◆ DATA PROVIDED
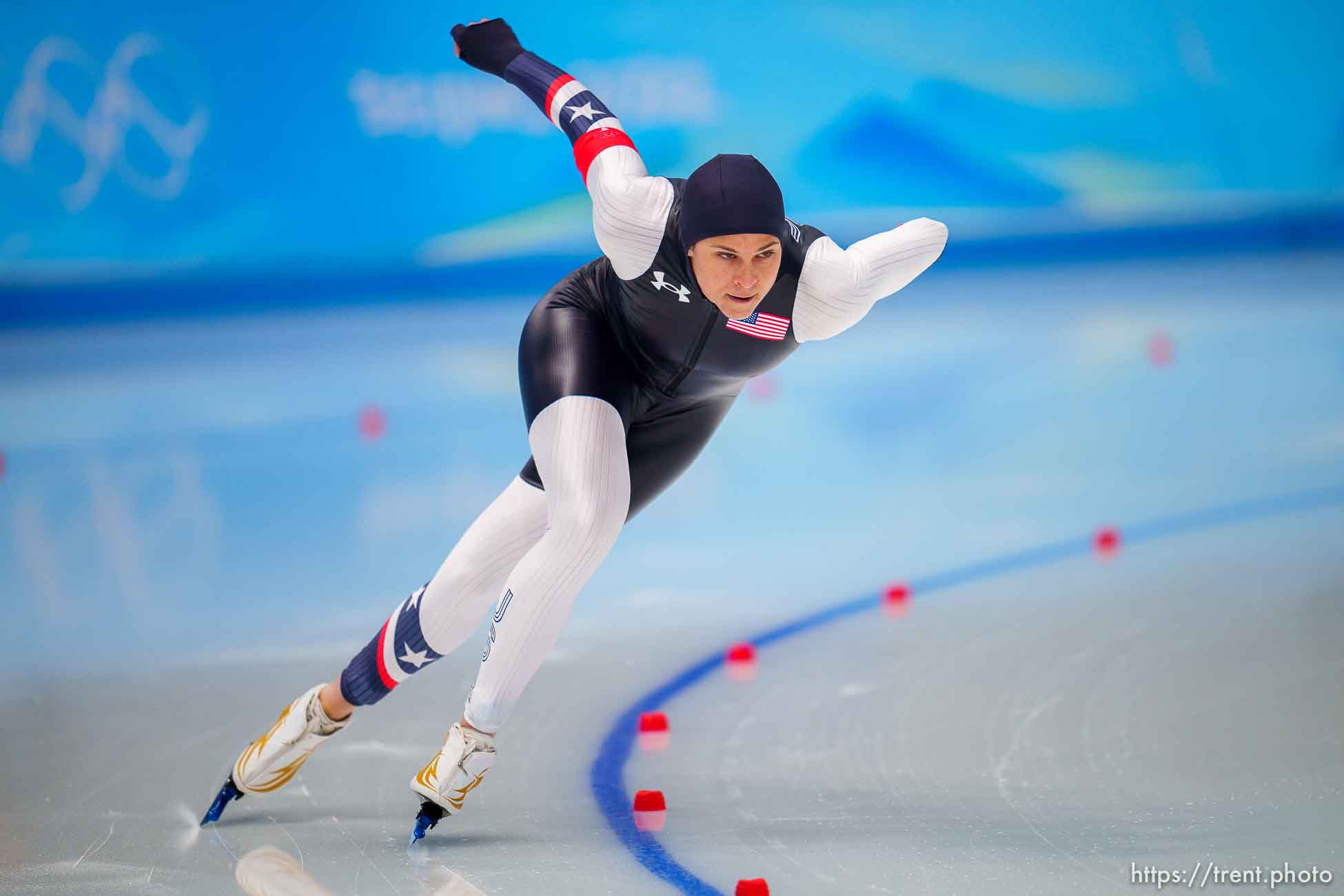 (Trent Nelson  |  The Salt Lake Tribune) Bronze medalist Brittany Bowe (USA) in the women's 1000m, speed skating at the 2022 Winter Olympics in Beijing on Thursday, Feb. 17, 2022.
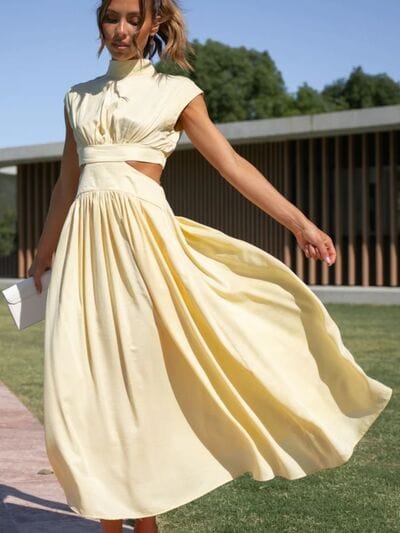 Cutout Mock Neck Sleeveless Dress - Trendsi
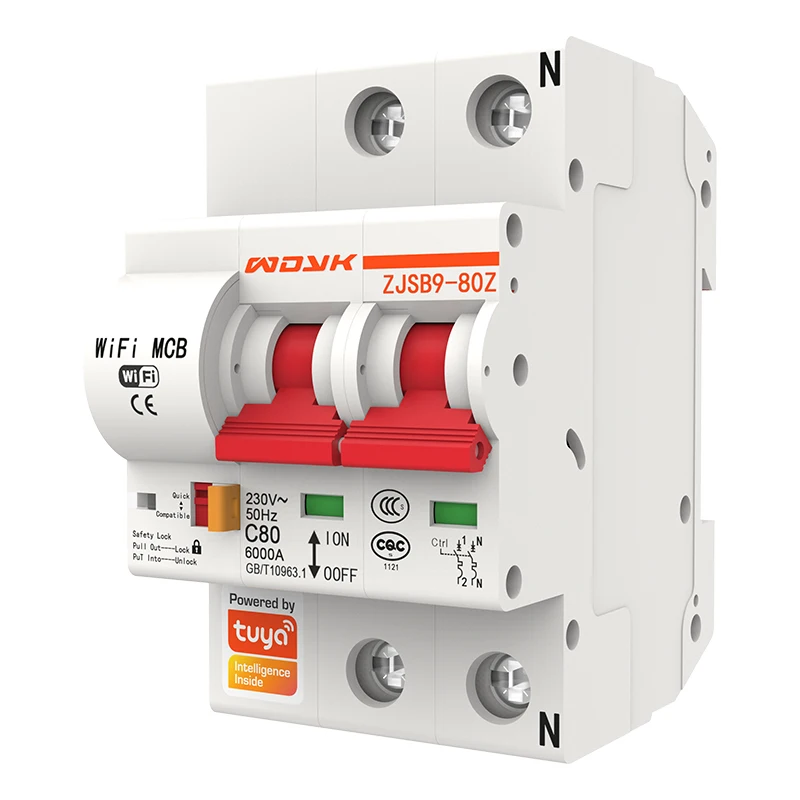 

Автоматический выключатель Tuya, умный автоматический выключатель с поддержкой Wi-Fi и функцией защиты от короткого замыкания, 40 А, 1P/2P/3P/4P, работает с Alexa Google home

◆ TASK PROMPT
The task calls for duplicating the data exactly, with no images kept.

◆ OUTPUT
 (Trent Nelson  |  The Salt Lake Tribune) Bronze medalist Brittany Bowe (USA) in the women's 1000m, speed skating at the 2022 Winter Olympics in Beijing on Thursday, Feb. 17, 2022.
 Cutout Mock Neck Sleeveless Dress - Trendsi

Автоматический выключатель Tuya, умный автоматический выключатель с поддержкой Wi-Fi и функцией защиты от короткого замыкания, 40 А, 1P/2P/3P/4P, работает с Alexa Google home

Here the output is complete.